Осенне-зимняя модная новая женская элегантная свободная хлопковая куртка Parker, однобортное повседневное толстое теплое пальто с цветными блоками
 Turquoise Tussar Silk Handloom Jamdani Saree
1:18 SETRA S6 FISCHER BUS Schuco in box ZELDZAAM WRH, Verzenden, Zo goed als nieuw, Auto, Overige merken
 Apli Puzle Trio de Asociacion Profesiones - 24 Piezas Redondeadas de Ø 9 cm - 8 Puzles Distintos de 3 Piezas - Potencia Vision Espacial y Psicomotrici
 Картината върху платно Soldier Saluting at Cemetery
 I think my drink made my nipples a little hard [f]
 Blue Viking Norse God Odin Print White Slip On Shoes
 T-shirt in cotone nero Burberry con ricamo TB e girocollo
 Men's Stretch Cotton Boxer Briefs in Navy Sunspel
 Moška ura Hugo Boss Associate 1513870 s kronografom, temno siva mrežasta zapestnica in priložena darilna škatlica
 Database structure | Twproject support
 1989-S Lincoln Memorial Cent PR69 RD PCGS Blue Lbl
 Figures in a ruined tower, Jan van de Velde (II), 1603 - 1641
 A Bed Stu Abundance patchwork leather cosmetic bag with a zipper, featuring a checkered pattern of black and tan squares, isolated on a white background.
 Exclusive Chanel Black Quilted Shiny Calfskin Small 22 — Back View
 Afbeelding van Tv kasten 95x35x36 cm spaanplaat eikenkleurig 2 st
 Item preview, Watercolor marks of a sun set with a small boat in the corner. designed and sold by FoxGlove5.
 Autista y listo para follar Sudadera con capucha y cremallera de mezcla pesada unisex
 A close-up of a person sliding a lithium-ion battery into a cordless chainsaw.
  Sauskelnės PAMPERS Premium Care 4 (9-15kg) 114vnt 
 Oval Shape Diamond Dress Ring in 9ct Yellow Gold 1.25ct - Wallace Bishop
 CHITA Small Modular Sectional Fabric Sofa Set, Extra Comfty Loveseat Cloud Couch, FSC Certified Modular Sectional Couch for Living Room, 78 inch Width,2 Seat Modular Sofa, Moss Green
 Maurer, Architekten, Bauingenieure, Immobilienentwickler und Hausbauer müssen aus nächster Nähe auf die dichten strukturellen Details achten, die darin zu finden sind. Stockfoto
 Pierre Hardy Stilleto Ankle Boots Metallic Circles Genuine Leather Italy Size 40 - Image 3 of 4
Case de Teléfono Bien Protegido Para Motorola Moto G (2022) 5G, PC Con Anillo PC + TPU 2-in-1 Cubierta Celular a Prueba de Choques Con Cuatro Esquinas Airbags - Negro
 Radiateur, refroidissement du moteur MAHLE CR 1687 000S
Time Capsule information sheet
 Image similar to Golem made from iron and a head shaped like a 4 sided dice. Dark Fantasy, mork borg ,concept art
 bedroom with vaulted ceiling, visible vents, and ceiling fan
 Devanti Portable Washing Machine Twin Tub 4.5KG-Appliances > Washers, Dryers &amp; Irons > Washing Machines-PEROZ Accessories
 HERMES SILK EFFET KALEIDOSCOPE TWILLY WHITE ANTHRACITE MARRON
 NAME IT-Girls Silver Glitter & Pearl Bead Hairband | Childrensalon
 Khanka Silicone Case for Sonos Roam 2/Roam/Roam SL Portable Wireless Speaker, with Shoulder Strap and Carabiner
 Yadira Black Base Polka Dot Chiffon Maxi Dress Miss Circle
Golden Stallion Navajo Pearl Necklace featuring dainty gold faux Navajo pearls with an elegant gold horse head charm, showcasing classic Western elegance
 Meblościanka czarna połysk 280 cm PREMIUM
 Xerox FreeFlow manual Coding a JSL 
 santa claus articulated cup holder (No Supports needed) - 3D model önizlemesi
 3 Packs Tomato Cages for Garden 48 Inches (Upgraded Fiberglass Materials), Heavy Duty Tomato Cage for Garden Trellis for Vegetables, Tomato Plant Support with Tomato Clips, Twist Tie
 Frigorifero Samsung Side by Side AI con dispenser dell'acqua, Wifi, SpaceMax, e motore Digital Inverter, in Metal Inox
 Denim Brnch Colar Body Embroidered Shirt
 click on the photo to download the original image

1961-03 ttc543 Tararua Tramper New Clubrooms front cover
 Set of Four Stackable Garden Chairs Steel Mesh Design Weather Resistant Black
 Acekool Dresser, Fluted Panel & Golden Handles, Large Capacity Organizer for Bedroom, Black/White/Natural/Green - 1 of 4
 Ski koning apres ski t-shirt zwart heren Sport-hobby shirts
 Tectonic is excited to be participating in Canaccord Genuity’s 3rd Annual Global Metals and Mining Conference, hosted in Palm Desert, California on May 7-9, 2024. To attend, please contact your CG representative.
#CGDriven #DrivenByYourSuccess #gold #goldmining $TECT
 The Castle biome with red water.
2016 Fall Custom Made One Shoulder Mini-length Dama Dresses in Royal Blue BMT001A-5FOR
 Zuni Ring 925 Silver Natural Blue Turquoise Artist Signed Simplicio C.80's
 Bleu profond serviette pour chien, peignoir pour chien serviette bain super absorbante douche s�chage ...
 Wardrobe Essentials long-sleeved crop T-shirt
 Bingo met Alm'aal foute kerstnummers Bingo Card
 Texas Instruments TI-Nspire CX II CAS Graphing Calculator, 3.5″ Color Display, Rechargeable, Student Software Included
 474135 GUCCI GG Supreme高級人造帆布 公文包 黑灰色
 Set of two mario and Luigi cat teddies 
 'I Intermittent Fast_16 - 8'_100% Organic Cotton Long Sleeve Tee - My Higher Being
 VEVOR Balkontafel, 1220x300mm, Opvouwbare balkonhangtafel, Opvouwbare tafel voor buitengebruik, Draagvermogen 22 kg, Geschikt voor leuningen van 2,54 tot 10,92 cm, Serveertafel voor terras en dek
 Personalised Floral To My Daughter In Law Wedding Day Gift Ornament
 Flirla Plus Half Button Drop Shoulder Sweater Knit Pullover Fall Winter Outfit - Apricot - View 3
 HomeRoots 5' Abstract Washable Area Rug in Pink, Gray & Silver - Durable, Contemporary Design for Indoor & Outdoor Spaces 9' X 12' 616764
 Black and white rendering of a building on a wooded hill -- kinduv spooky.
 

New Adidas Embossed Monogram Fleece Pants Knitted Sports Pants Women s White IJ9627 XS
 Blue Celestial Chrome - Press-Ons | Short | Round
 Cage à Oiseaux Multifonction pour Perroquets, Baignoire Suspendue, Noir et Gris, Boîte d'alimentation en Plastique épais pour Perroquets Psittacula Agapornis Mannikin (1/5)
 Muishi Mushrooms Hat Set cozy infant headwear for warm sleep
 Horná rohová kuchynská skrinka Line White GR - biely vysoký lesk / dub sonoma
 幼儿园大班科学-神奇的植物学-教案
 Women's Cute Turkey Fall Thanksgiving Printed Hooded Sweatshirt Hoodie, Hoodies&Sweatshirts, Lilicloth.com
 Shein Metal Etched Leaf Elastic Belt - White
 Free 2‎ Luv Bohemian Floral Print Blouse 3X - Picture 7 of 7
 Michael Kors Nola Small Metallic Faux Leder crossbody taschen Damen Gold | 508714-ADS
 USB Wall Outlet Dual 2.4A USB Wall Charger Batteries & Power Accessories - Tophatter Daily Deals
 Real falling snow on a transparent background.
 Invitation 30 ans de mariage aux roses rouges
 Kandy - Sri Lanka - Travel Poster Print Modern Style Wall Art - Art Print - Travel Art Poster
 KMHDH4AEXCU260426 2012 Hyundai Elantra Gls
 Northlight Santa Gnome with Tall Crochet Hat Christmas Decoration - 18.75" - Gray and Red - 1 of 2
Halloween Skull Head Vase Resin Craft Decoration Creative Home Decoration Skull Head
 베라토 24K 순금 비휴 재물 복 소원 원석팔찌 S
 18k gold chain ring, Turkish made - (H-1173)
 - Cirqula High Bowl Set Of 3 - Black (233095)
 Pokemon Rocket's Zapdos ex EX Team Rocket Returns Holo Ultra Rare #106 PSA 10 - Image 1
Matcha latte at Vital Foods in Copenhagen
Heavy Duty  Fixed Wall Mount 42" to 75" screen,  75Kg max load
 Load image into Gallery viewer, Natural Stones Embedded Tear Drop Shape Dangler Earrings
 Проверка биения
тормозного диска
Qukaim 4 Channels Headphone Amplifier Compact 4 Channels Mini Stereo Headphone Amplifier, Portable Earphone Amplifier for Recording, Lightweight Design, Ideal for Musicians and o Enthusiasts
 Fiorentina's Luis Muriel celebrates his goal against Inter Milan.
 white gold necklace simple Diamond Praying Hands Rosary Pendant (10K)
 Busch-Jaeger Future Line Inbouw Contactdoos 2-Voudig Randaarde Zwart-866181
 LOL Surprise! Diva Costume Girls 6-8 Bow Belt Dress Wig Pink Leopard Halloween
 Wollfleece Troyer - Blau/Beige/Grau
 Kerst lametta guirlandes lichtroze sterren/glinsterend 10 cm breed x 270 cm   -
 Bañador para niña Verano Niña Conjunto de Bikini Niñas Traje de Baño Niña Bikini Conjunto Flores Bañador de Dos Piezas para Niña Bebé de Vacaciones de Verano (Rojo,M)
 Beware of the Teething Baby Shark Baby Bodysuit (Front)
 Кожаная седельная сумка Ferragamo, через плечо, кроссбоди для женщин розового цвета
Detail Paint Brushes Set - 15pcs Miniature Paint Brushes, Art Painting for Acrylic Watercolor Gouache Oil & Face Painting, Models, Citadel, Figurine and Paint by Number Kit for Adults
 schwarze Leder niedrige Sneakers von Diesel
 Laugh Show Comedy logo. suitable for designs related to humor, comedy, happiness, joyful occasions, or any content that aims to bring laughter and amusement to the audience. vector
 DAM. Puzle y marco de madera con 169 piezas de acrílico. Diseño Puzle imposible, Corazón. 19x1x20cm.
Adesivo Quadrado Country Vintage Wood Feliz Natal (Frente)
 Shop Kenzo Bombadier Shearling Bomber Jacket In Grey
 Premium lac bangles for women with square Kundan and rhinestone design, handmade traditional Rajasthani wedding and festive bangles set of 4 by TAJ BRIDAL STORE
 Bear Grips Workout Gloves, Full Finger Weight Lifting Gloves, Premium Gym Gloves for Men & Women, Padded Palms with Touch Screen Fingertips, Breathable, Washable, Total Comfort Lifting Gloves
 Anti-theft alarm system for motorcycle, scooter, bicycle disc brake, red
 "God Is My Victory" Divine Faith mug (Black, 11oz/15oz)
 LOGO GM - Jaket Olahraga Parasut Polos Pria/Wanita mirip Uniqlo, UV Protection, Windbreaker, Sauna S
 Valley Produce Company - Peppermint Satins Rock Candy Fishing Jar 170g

==*==

What to produce >>
Copy back the listing above exactly, but only from the line with "幼儿园大班科学-神奇的植物学-教案" through the line with "Kerst lametta guirlandes", both ends included.

Expected answer >>
 幼儿园大班科学-神奇的植物学-教案
 Women's Cute Turkey Fall Thanksgiving Printed Hooded Sweatshirt Hoodie, Hoodies&Sweatshirts, Lilicloth.com
 Shein Metal Etched Leaf Elastic Belt - White
 Free 2‎ Luv Bohemian Floral Print Blouse 3X - Picture 7 of 7
 Michael Kors Nola Small Metallic Faux Leder crossbody taschen Damen Gold | 508714-ADS
 USB Wall Outlet Dual 2.4A USB Wall Charger Batteries & Power Accessories - Tophatter Daily Deals
 Real falling snow on a transparent background.
 Invitation 30 ans de mariage aux roses rouges
 Kandy - Sri Lanka - Travel Poster Print Modern Style Wall Art - Art Print - Travel Art Poster
 KMHDH4AEXCU260426 2012 Hyundai Elantra Gls
 Northlight Santa Gnome with Tall Crochet Hat Christmas Decoration - 18.75" - Gray and Red - 1 of 2
Halloween Skull Head Vase Resin Craft Decoration Creative Home Decoration Skull Head
 베라토 24K 순금 비휴 재물 복 소원 원석팔찌 S
 18k gold chain ring, Turkish made - (H-1173)
 - Cirqula High Bowl Set Of 3 - Black (233095)
 Pokemon Rocket's Zapdos ex EX Team Rocket Returns Holo Ultra Rare #106 PSA 10 - Image 1
Matcha latte at Vital Foods in Copenhagen
Heavy Duty  Fixed Wall Mount 42" to 75" screen,  75Kg max load
 Load image into Gallery viewer, Natural Stones Embedded Tear Drop Shape Dangler Earrings
 Проверка биения
тормозного диска
Qukaim 4 Channels Headphone Amplifier Compact 4 Channels Mini Stereo Headphone Amplifier, Portable Earphone Amplifier for Recording, Lightweight Design, Ideal for Musicians and o Enthusiasts
 Fiorentina's Luis Muriel celebrates his goal against Inter Milan.
 white gold necklace simple Diamond Praying Hands Rosary Pendant (10K)
 Busch-Jaeger Future Line Inbouw Contactdoos 2-Voudig Randaarde Zwart-866181
 LOL Surprise! Diva Costume Girls 6-8 Bow Belt Dress Wig Pink Leopard Halloween
 Wollfleece Troyer - Blau/Beige/Grau
 Kerst lametta guirlandes lichtroze sterren/glinsterend 10 cm breed x 270 cm   -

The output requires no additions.